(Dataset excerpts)
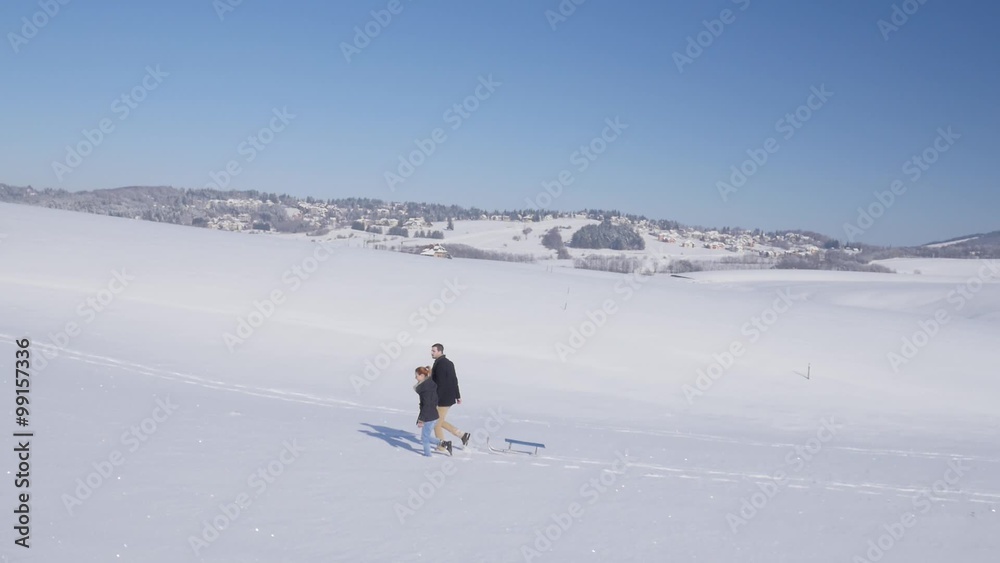 Aerial view on young couple enjoy walking on the snow during calm sunny winter day.
Aerial view on young couple enjoy walking on the snow during calm sunny winter day.
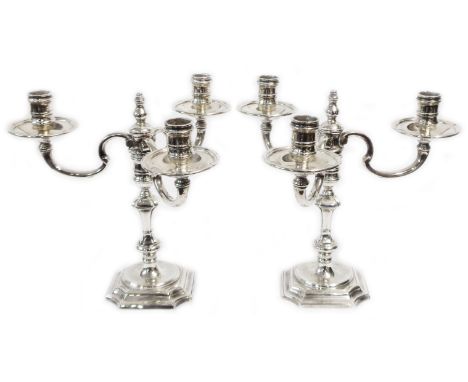 A pair of 22cm high cast silver three branch table candelabra with removable top sections for single candle use, set on stepp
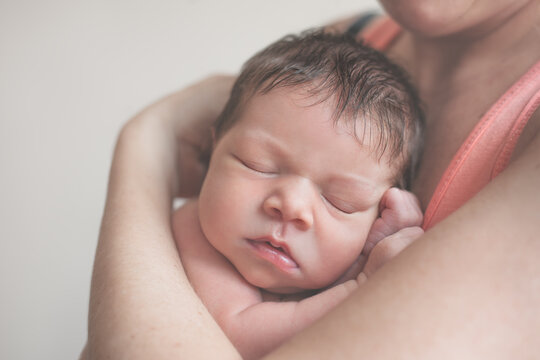 Adorable newborn baby girl sleeping in her mother's arm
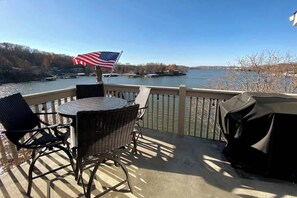A balcony with a table and chairs, an American flag, and a view of a river with boats.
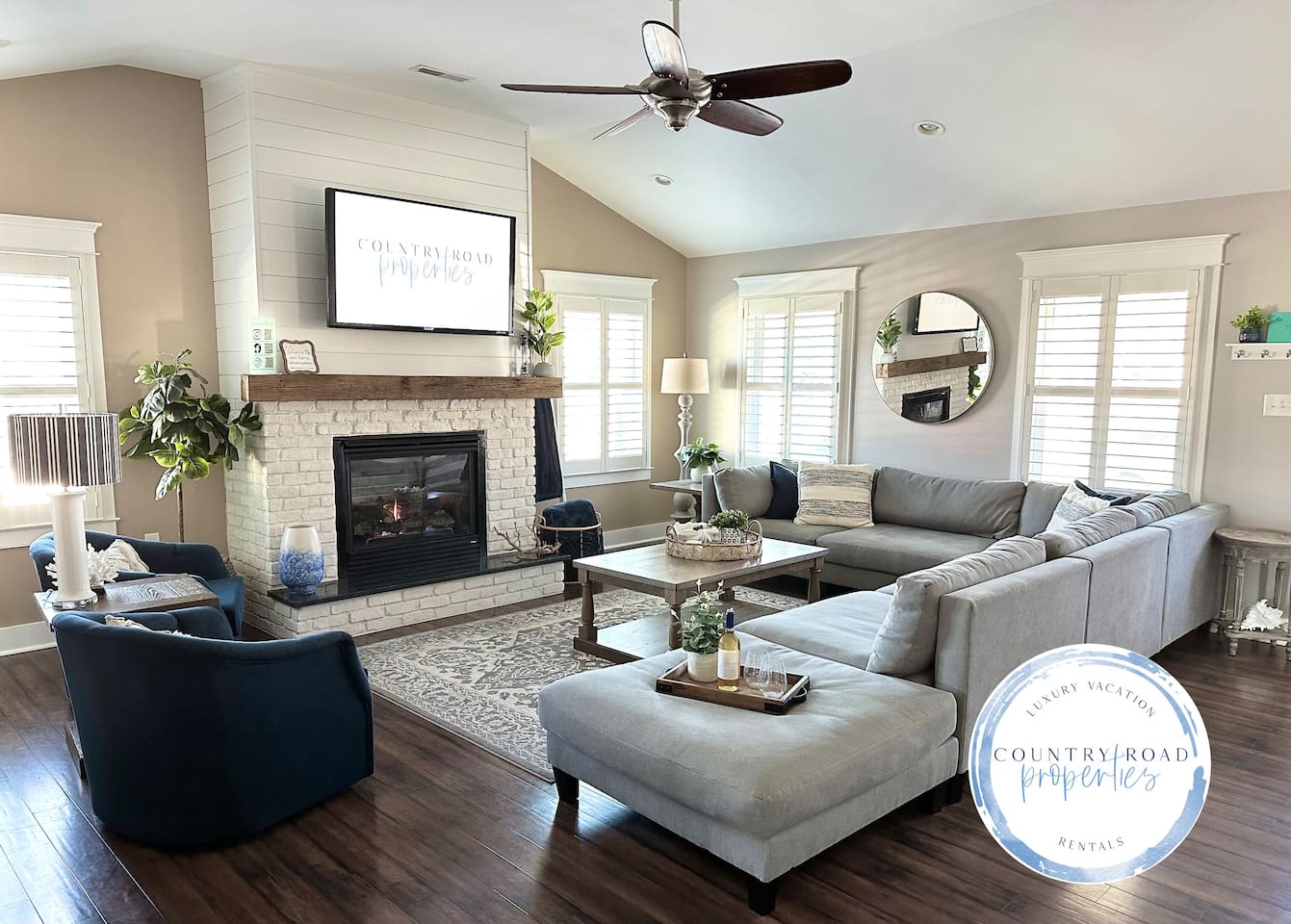 Relax in the bright, airy living room featuring a cozy white brick fireplace, a massive sectional, and stylish navy armchairs. It’s the ultimate space for family movie nights or wine by the fire during your dream getaway.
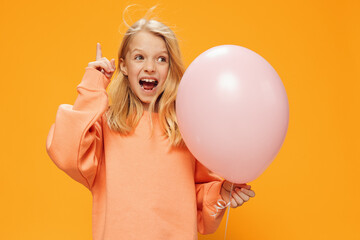cute, happy girl stands with a pink balloon in her hand and screams loudly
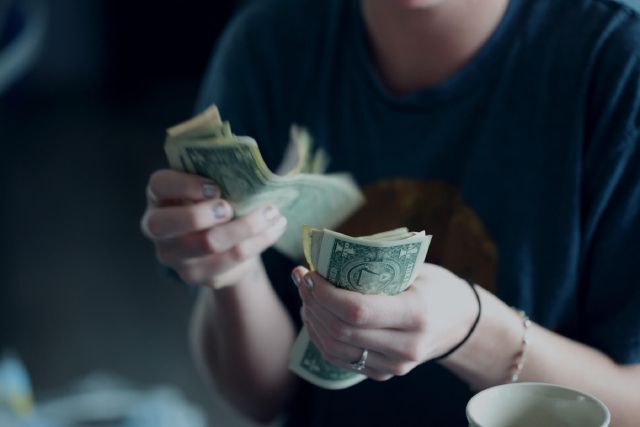 Eine Frau zählt US-Dollar Noten mit ihren Händen.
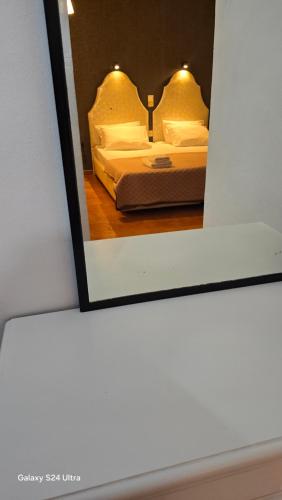 a reflection of a bedroom with a bed in a mirror at Kassiopi Apartmets4you III in Kassiopi
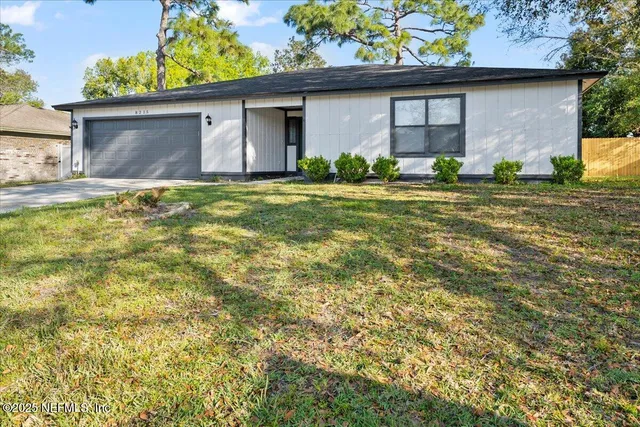 a front view of house along with trees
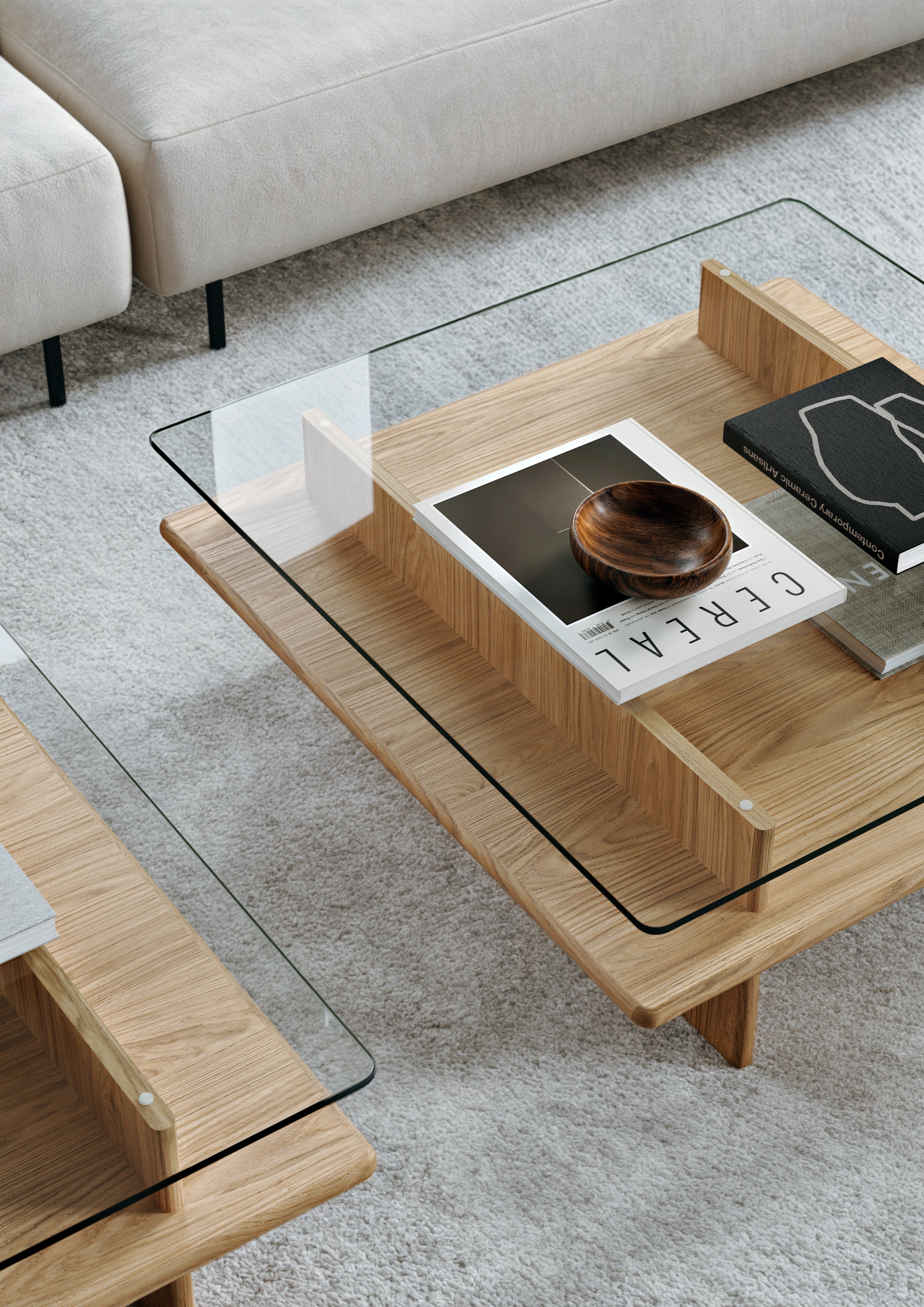 Off-white sofa with a coffee table in white-pigmented oak with glass top in a Scandinavian living room.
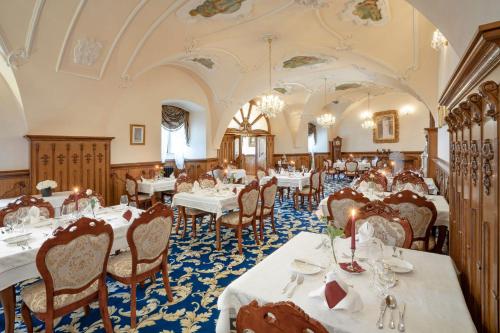 a dining room with white tables and chairs at Galicia Nueva, castle hotel in Lučenec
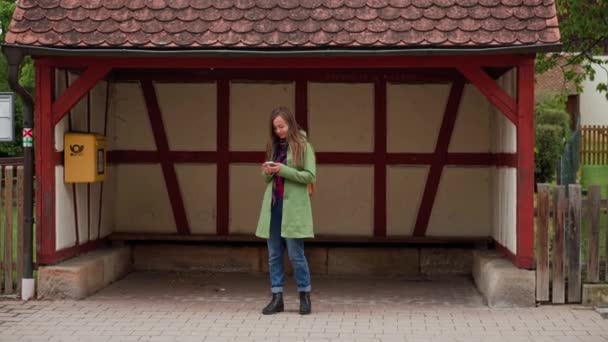 Piękna kobieta w zielonym płaszczu i plecaku przy użyciu smartfona czekając na autobus w pobliżu przystanku autobusowego w stylu fachwerk, Bawaria, Niemcy — Wideo stockowe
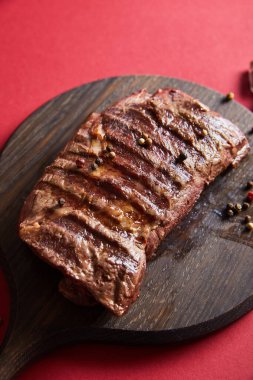 tasty grilled steak served on wooden boards on red background with pepper clipart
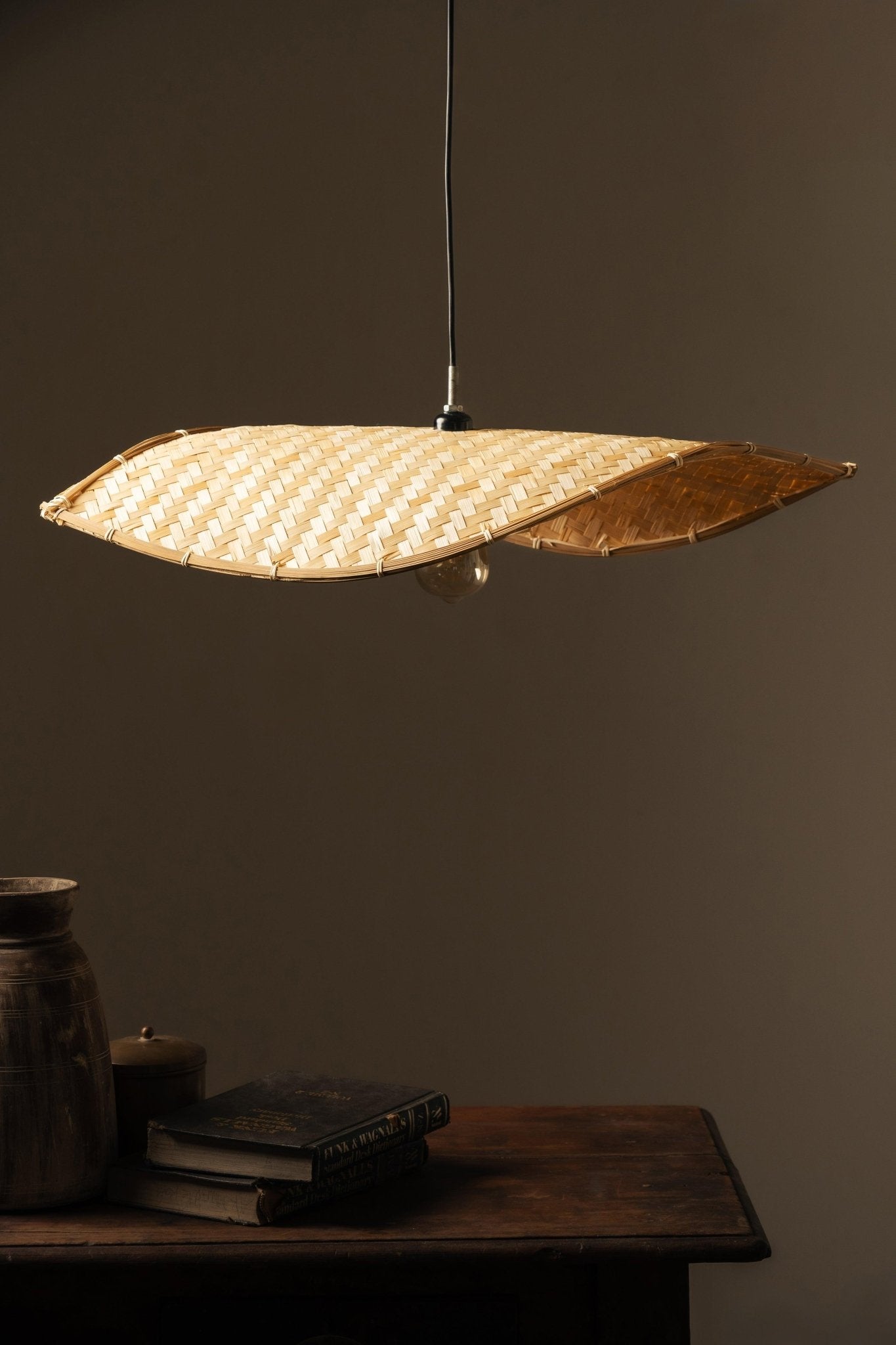 Thin wavy bamboo hanging lampshade handcrafted with elegant curved weaving, offering a warm ambient glow and a modern eco-friendly décor aesthetic.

**PROBLEM:** If an entry holds an image, omit that image and print the remainder exactly as it stands.

**RESPONSE TO THE EXERCISE:**
 Aerial view on young couple enjoy walking on the snow during calm sunny winter day.
Aerial view on young couple enjoy walking on the snow during calm sunny winter day.
 A pair of 22cm high cast silver three branch table candelabra with removable top sections for single candle use, set on stepp
 Adorable newborn baby girl sleeping in her mother's arm
A balcony with a table and chairs, an American flag, and a view of a river with boats.
 Relax in the bright, airy living room featuring a cozy white brick fireplace, a massive sectional, and stylish navy armchairs. It’s the ultimate space for family movie nights or wine by the fire during your dream getaway.
cute, happy girl stands with a pink balloon in her hand and screams loudly
 Eine Frau zählt US-Dollar Noten mit ihren Händen.
 a reflection of a bedroom with a bed in a mirror at Kassiopi Apartmets4you III in Kassiopi
 a front view of house along with trees
 Off-white sofa with a coffee table in white-pigmented oak with glass top in a Scandinavian living room.
 a dining room with white tables and chairs at Galicia Nueva, castle hotel in Lučenec
 Piękna kobieta w zielonym płaszczu i plecaku przy użyciu smartfona czekając na autobus w pobliżu przystanku autobusowego w stylu fachwerk, Bawaria, Niemcy — Wideo stockowe
 tasty grilled steak served on wooden boards on red background with pepper clipart
 Thin wavy bamboo hanging lampshade handcrafted with elegant curved weaving, offering a warm ambient glow and a modern eco-friendly décor aesthetic.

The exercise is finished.